## [Stored data]
BEGIN

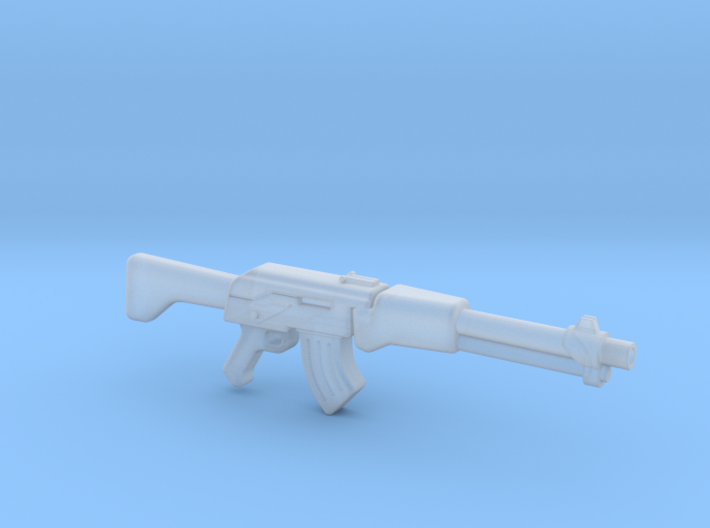 Assult rifle (28mm scale) 3d printed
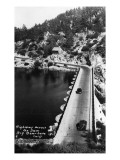 Big Bear Lake, California - View of Highway across the Dam Posters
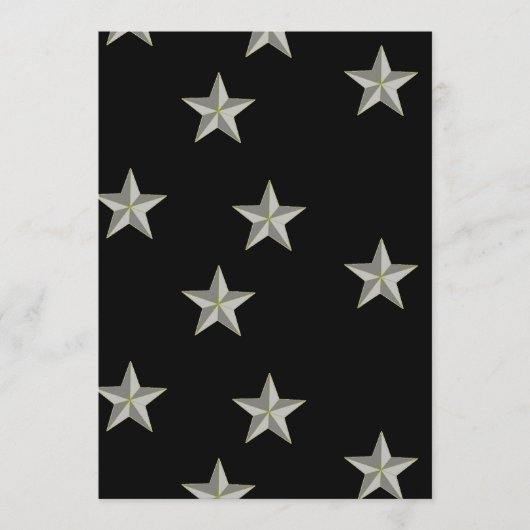 黒に灰色の星模様 アドバイスカード (正面)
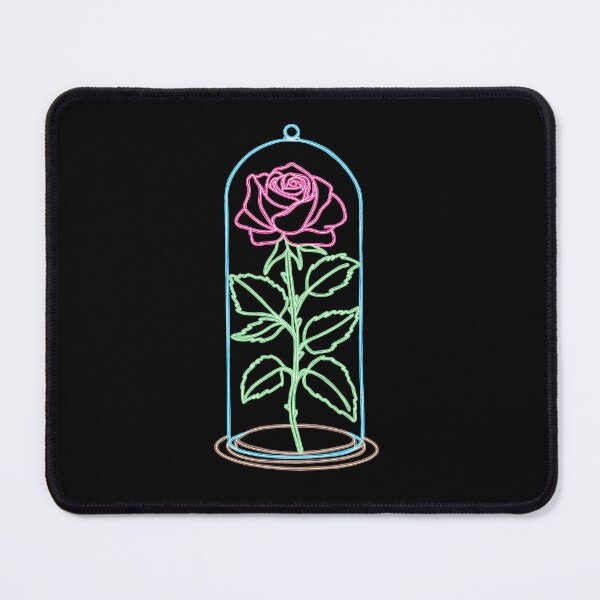 Item preview, Cyberpunk Neon Rose Midnight Noir designed and sold by Kaimarbe | Cute Stickers & Apparel.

END

## [Your goal]
Repeat the data above exactly; images are not part of the copy.

## [Your response]
 Assult rifle (28mm scale) 3d printed
 Big Bear Lake, California - View of Highway across the Dam Posters
 黒に灰色の星模様 アドバイスカード (正面)
 Item preview, Cyberpunk Neon Rose Midnight Noir designed and sold by Kaimarbe | Cute Stickers & Apparel.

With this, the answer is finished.